Hier je devais sortir tôt
de mon domicile parisien. J'avais des démarches administratives à
faire. C'était l'heure où les parents qui travaillent emmènent
leur progéniture à la crèche, chez la nourrice, à l'école ou au
centre aéré. J'ai croisé deux sympathiques jeunes papas qui
paraissaient tout joyeux d'escorter ainsi leur bambin de deux ou
trois ans. L'un des deux papas chantait même des chansons.
J'ai croisé également
une mère de famille qui s'en allait accompagnant une fille d'environ
huit ans et un garçon d'environ dix ans. Cette mère paraissait très
fatiguée.
Plus loin, passant sous
un échafaudage installé pour ravaler un immeuble de mon quartier,
j'ai avisé un petit tas de gravas qui avait été rassemblé et
attendait d'être enlevé. Je me suis dit : « balayer et
ramasser ces détritus, c'est un travail reconnu et rémunéré. En
revanche, mettre au monde et élever ces deux grands enfants n'est ni
reconnu comme travail, ni rémunéré, ni ne donne droit à la très
généreuse retraite correspondante. »
On parle beaucoup ces
dernières années de la gestation pour autrui, en abrégé GPA. La
gestation pour autrui est payée. Pas la gestation pour soi des
enfants qu'on va élever. Pourquoi ? L'effort est différent ?
Ma mère a eu six enfants
dont quatre qui ont vécu et qu'elle a élevé. Elle méritait une
retraite en or massif pour ce qu'elle a ainsi fait pour toute la
société. Elle n'a rien reçu de tel. Quand l'autre jour j'en
parlais à une dame que je connais, elle s'est exclamé : « ma
mère a eu dix enfants ! » Les femmes auxquelles je parle
de cette injustice m'approuvent toutes.
Hier trois novembre,
certains journaux titraient : « aujourd'hui à partir de
11 heures 44 les femmes qui travaillent le font bénévolement. »

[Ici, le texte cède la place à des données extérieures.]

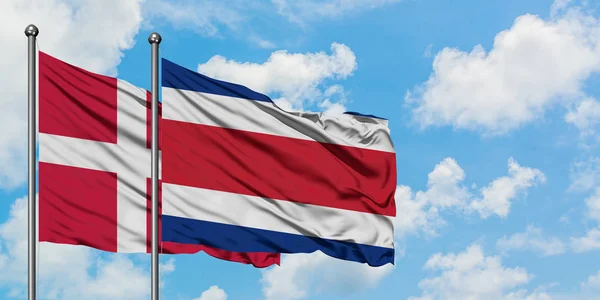 Флаг Дании и Коста-Рики, размахивающий ветром против белого облачного голубого неба. Концепция дипломатии, международные отношения . — стоковое фото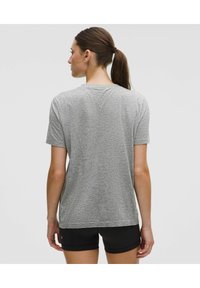 Grå t-shirt med kort ärm och en strukturerad design, rund halsringning och en avslappnad passform, kombinerad med svarta shorts.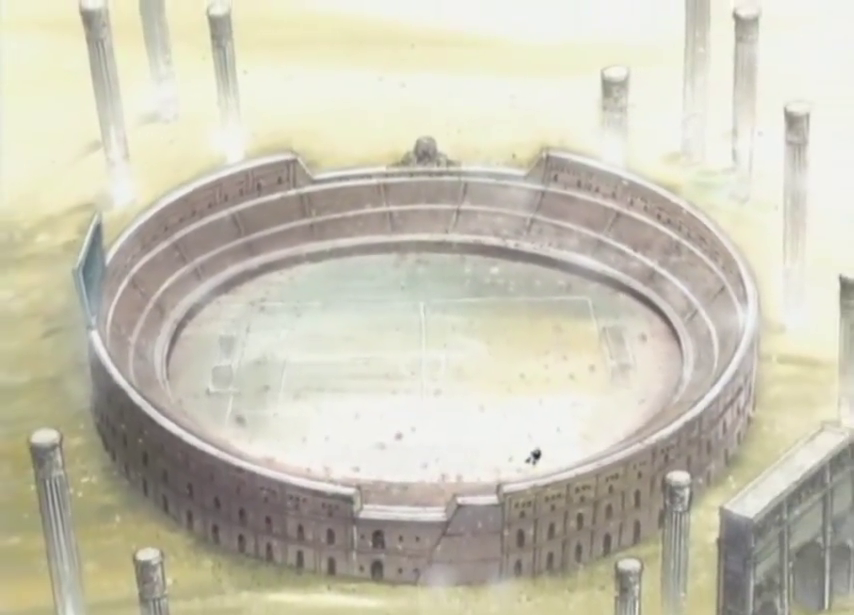 Screenshot of a frame showing the ruins of an amphitheatre-like structure along with other classical architectural elements in a sandy desert landscape seen from above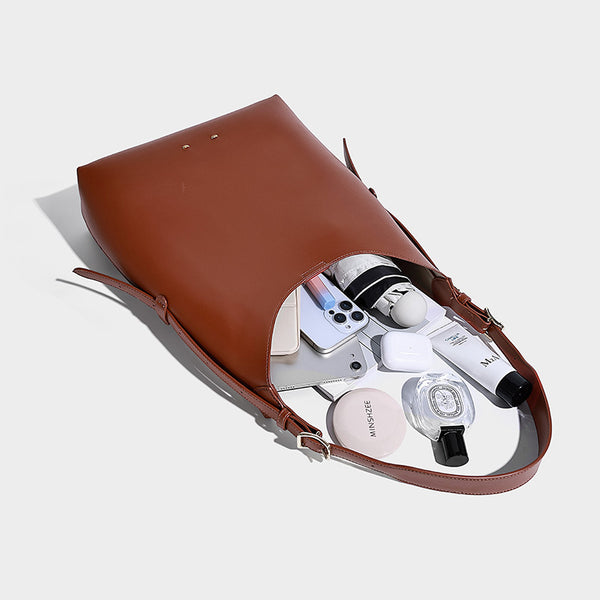 Large open-top hobo shoulder bag in tan leather-look finish with detachable zip pouch and adjustable buckle strap, detail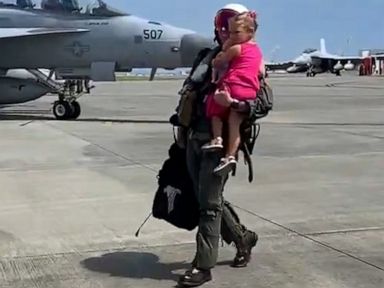 WATCH:  Girl runs to hug navy dad when he returns from deployment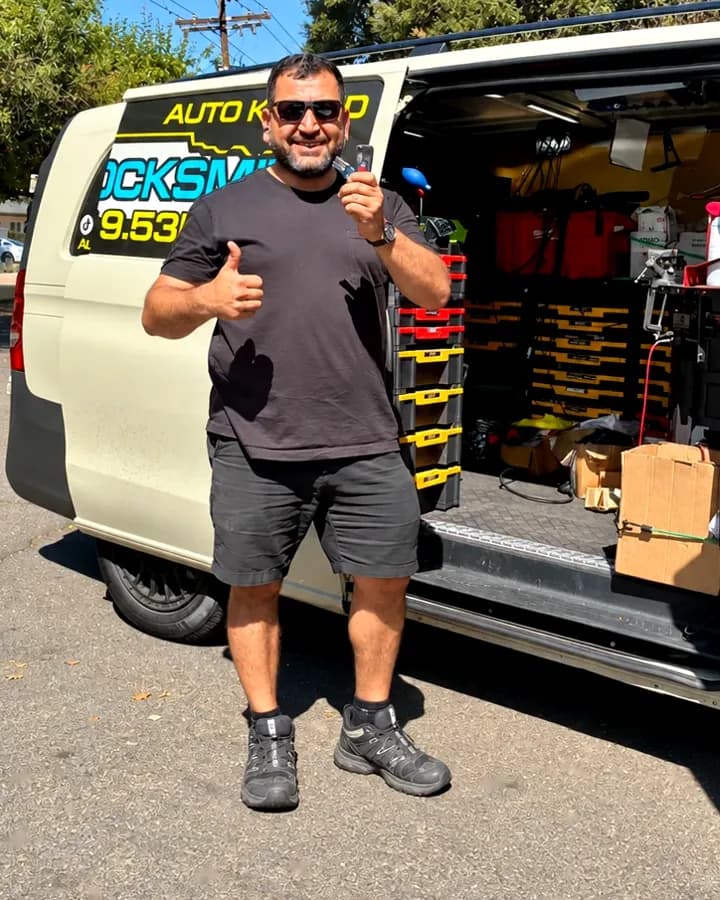 Saif, owner of Auto Key SD, holding a key beside his open mobile locksmith van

Il s'agit ici de l'écart entre les salaires masculins et féminins
qui existe en France pour le même travail. Il revient à ce qu'à partir du 3
novembre à 11 heures 44 jusqu'au 31 décembre au soir les femmes ne
sont plus payées pour leur travail effectué.
Mais le travail
domestique et maternel ? Est-il reconnu, payé, donne-t-il droit
à une retraite confortable et méritée ? Non. Les journaux en
parlent-ils ? Pas plus.
Une dame que je connais a
du faire durant des années des ménages en plus de son travail de
bureau pour assurer le bien-être de sa famille. Elle a lu plusieurs
de mes textes récents écrits à propos de la condition féminine.
Et m'a dit tout à l'heure être tout à fait d'accord avec moi. Elle
va donner mes textes à lire à un de ses fils.
Cette dame m'a dit qu'il
faudrait une révolution pour que changent les relations homme-femme.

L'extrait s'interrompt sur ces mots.